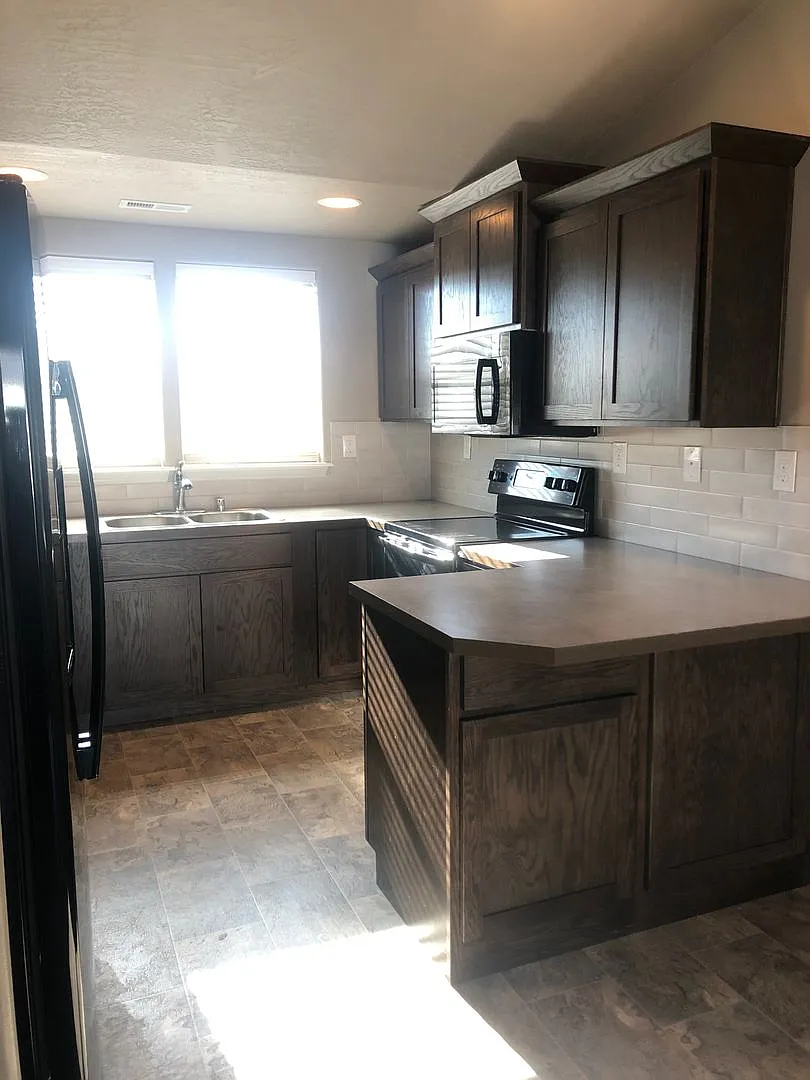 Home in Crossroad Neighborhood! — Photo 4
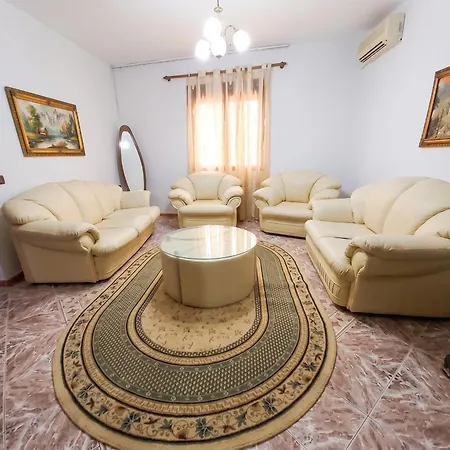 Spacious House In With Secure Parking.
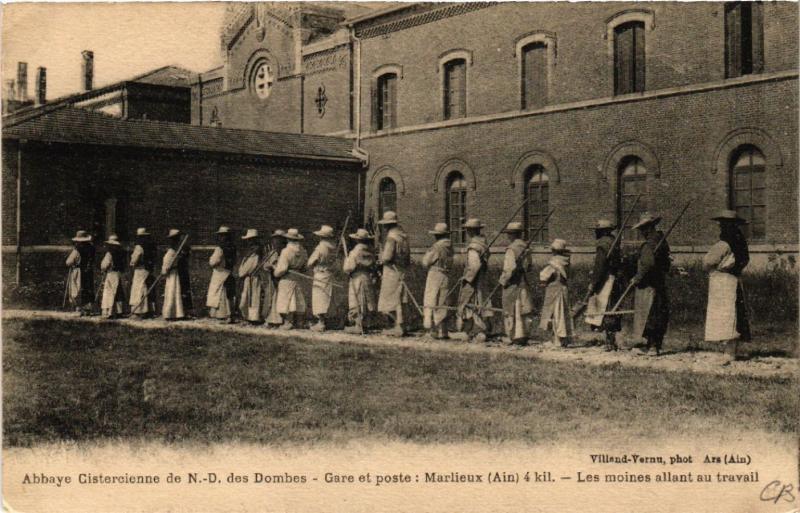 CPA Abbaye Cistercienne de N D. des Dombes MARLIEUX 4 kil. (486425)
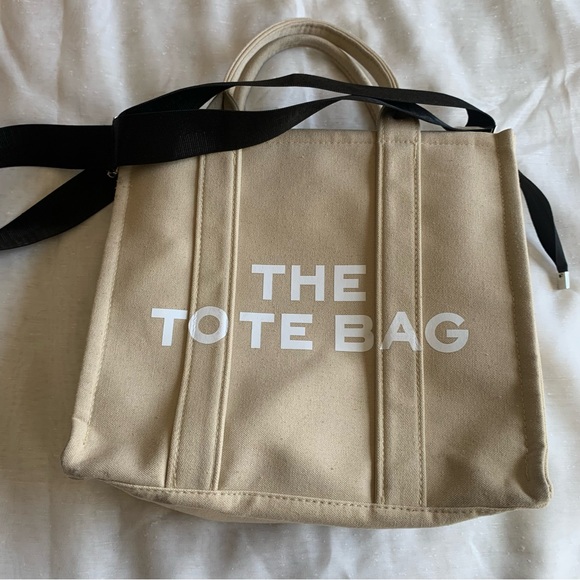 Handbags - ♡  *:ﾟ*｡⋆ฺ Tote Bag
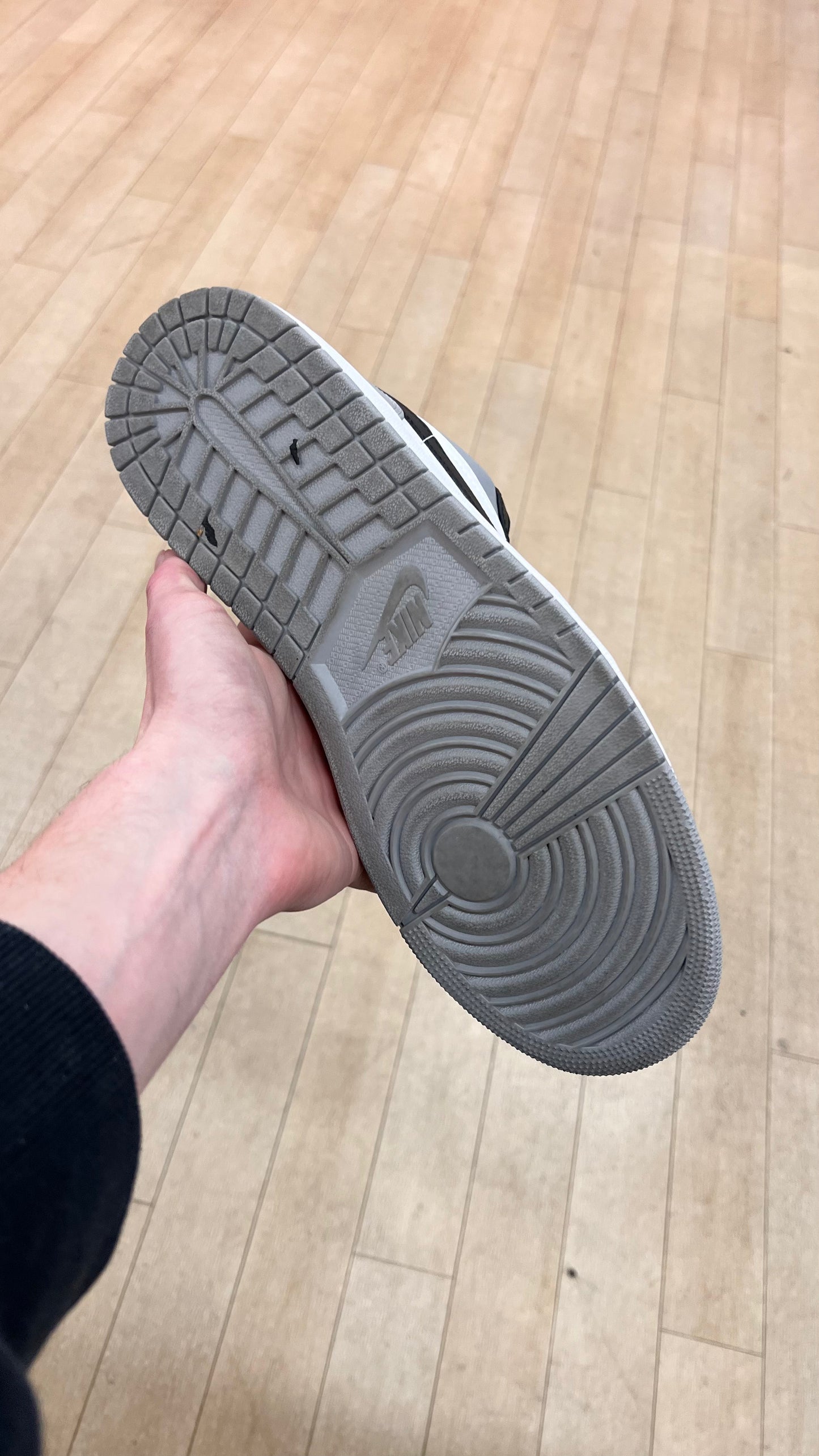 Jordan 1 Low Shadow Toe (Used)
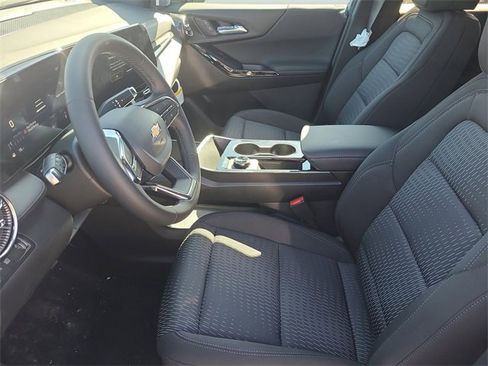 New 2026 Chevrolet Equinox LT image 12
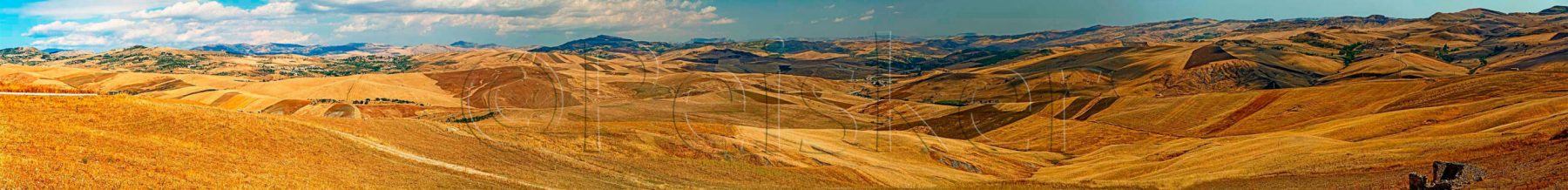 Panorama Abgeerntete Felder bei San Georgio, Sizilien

▶ _Exercise_
Each line from the one holding "New 2026 Chevrolet Equinox LT image 12" down to the end of the records is to be reproduced unaltered, and the pictures are to be omitted.

▶ _Answer for this exercise_
 New 2026 Chevrolet Equinox LT image 12
 Panorama Abgeerntete Felder bei San Georgio, Sizilien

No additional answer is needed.